Boston DJ Dee Diggs is a force to be reckoned with. She says she has many personas, but especially loves embodying a young femme who loves to have a good time and lose herself to the music, all while showing people what the human experience has to offer. We caught up with her to hear what inspires her and drives her creative energy.
What inspired you to become a DJ?
Dee: I think it was a movie and a DJ friend of mine. I was studying abroad in France, in this town called Grenoble. It has this really cool underground scene. It’s like its own alternative mountain city, and there’s a lot of different art initiatives there. There’s lots of bars and clubs, and as a nightlife enthusiast, I try to scope out places to see where the locals are, and what the artist scene is like. I met a bunch of DJs and artists there, and started talking to them about what I was interested in. It was great talking to them about house music, because the way it’s been exported to Europe, you would think it was started there. My friend runs a record label in hish basement called Full Fridge Music, and I was talking to him a lot, and he said there aren’t enough women who are expressing their ideas in this way and [not enough of their peers] encouraging them to do so.

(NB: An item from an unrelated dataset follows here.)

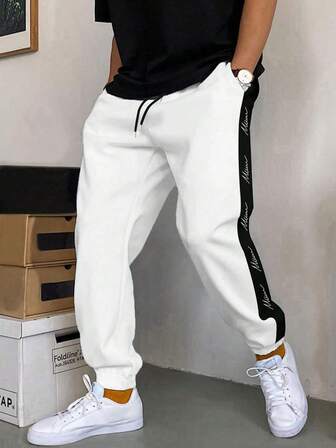 Aesthetic Post 男士拼接側邊接縫腰部抽繩衛褲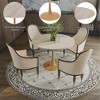 LeisureMod Bristol 35'' Modern Round Dining Table – Durable MDF Top and Wood-Transfer Natural Steel Base for Kitchen, Dining Room, or Cafes - 2 of 4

Then, I watched this beautiful French film called Eden, which is about the rise and fall of a DJ, and it really interested me as well. It made me feel like I could do the DJ life and not fail at it, and [I] was like yeah, I have my head on right. I can do this and not just spiral all the time.
I came back to Boston, where I was already doing college radio before,but now wanted to mix live on the air. [I] started exploring how to do that, which opened my eyes and sensibilities about music and music technology. Then after the radio station burned down, my friend started booking me to play at different venues around town.”
As a black female DJ, have you faced any stereotypes or hardships?
Dee: Thankfully, there’s a lot of social clout in supporting femme DJs right now. I feel like I came at the right time, because so many women have done all the foundational work before me, so my efforts are taken seriously. As I’ve grown into this art form, other women and other femmes have been stepping stones and guardian angels for me.
And in terms of stereotypes, people assume I’m not going to play the genres I play. They think I’m going to play hip hop, which I have no problem playing, but I can do so much more. Black music is so much more than just hip-hop.
What is your most important tool as an artist? Is there something you can’t live without when you are creating?
Dee: I guess the internet? I feel like when I’m digging for the story behind the music, and when I’m stuck and looking for references, you have to go back to the timeline for help. I love where my natural curiosity leads me. It’s so powerful to me that people in 1985 were jacking to this song I found yesterday, and here I am in what was supposed to be in the future, but is actually the apocalypse, dancing to the same track. I wouldn’t have that depth of understanding if I didn’t have the endless world of [the] internet to help put those clues together.
What do you think is an artist's role in society?
Dee: A DJ’s place is something I take very seriously. I do think you’re choosing to be a leader in the space that you’re inhabiting. You are leading people on to an experience, onto a sonic journey. It’s all about how aware you are of other people, how you treat people, and the example that you set. I’m really serious about the atmosphere and the vibe I bring or influence; I don’t just play songs. I’m standing up, asking everyone to trust me for these few moments: Give me your attention and curiosity. Take this journey with me.
When did you feel most vulnerable as an artist, and how did you maneuver through that difficulty?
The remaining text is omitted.